This went on for nearly a year. Linc would call and start asking for all the people who were in the sports department besides me. Then he would hang up with he didn’t get anybody.

I fumed over this. Steam would be coming out of my ears. Finally, after about a year, I got up enough courage to confront Linc. Linc, I said, I’m here. I can’t remember what Linc said, but in the future if he didn’t get the pay grade above me, he would talk to me. It was only then that I realized I had asked for something I really didn’t need. I had work to do and didn’t have time to talk to Linc.

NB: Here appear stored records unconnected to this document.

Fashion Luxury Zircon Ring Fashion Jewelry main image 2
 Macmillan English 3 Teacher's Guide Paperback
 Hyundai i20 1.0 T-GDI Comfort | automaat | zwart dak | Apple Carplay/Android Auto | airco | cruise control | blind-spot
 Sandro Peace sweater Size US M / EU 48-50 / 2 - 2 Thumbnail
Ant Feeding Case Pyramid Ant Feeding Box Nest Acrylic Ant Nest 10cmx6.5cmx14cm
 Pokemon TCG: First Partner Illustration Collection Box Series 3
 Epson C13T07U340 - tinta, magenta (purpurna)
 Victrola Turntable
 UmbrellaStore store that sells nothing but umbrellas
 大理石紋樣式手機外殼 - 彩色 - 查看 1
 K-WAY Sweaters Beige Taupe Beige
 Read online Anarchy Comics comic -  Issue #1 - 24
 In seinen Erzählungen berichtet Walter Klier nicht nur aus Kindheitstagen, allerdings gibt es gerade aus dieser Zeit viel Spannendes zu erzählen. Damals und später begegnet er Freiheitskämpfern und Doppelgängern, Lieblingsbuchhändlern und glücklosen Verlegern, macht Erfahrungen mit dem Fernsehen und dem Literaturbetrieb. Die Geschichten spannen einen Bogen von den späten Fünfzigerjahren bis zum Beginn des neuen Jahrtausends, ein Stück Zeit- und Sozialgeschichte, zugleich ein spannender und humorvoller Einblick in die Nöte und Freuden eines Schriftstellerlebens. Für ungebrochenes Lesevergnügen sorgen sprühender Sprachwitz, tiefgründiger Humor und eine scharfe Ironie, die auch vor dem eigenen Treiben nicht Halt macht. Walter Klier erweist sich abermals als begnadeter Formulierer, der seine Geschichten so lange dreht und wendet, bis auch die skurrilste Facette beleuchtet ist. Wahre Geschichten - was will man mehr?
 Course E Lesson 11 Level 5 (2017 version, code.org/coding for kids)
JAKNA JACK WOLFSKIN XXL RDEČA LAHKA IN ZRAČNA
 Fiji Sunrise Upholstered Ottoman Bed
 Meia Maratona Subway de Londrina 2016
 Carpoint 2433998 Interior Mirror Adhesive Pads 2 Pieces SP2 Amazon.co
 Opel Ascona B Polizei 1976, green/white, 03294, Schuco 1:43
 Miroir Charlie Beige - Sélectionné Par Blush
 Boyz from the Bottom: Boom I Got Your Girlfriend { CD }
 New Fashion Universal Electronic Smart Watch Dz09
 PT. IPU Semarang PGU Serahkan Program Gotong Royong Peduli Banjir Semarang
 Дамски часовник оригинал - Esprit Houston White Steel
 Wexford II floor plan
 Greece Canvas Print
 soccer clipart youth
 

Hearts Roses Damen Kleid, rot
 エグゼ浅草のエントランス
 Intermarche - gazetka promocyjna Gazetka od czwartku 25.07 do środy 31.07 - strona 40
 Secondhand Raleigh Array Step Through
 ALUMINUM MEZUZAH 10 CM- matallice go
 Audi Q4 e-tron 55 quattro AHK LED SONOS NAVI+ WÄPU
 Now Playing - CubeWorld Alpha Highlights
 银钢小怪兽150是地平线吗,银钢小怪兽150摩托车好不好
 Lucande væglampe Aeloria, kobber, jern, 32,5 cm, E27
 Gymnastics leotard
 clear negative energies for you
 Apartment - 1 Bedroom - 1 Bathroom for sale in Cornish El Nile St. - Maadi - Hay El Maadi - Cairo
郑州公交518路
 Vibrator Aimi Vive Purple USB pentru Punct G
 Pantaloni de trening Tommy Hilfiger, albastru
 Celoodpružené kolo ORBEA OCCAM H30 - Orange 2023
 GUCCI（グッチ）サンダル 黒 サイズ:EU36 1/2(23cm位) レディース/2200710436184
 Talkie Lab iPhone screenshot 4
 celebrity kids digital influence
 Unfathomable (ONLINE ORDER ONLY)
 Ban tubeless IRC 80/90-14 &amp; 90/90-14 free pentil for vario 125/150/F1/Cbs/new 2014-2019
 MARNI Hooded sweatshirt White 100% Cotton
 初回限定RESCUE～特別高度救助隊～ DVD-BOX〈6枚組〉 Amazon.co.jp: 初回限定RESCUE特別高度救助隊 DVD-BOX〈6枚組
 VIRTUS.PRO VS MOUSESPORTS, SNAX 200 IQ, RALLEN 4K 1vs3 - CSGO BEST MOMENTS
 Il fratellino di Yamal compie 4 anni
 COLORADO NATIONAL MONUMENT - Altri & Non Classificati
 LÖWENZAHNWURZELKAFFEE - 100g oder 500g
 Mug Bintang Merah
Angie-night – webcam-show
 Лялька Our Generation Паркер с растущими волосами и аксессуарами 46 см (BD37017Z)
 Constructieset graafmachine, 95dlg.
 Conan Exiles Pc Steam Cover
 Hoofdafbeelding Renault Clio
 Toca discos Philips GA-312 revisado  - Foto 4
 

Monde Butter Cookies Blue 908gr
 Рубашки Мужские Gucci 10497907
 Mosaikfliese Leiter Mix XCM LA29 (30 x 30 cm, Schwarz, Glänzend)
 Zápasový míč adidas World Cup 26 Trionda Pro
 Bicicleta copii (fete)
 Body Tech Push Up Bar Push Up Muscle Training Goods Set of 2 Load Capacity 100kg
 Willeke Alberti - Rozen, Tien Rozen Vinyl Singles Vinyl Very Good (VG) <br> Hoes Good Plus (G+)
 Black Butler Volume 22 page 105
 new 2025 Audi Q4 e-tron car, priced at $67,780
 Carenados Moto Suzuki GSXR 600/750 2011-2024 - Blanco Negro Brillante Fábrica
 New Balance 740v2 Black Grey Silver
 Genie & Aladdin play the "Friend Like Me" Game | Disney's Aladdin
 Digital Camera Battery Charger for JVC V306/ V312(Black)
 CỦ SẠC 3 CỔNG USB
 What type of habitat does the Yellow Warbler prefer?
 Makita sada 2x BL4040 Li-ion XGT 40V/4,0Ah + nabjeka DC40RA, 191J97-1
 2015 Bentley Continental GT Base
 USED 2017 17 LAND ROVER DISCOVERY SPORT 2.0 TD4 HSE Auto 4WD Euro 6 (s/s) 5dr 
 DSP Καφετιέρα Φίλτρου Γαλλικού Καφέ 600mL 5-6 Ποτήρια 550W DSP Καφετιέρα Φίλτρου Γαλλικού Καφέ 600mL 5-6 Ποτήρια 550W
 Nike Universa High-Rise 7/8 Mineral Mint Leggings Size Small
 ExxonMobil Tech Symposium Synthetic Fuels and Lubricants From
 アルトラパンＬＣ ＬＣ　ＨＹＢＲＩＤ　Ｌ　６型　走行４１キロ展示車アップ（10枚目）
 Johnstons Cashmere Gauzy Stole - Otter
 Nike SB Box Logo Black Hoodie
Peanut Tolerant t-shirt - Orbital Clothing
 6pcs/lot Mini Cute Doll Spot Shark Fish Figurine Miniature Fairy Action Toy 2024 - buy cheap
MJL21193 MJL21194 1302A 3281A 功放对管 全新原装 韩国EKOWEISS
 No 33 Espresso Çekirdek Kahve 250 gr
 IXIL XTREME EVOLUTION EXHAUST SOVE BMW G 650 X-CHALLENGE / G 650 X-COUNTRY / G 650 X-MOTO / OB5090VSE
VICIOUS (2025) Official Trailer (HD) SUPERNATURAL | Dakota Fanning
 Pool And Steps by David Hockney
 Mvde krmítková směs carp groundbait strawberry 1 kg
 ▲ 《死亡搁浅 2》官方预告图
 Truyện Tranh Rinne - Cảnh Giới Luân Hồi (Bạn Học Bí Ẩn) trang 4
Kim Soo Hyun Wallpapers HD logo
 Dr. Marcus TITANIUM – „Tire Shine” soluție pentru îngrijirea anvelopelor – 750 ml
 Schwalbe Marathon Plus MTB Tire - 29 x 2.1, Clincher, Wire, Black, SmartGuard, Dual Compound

Of course, Linc died a long time ago, and now I wish I could talk to him. He had a lot of good ideas. His persistence just was too much for many people. He refused to take no for an answer. Now, I would love to hear his voice again.

Elling Simonsen was part of the sports department. Elling was our outdoor writer and a fun guy to be around, although he constantly was smoking (this was way before you couldn’t smoke inside a building). Elling was a retired fireman who worked on what was called a B-Low contract. I still don’t know what that is, although he certainly had plenty of time out of the office. He was always at some lake fishing or just driving around or visiting with a buddy somewhere.

He was not much of a writer. I think I was even better than he was. And that was saying something. And he seemed to have complete control of his job, which made me jealous.

I started helping negotiate union contracts once we got the union into the newsroom in 1973. It didn’t take me too long to be flippant during negotiations one day when I said, “I would love to have Elling’s job.”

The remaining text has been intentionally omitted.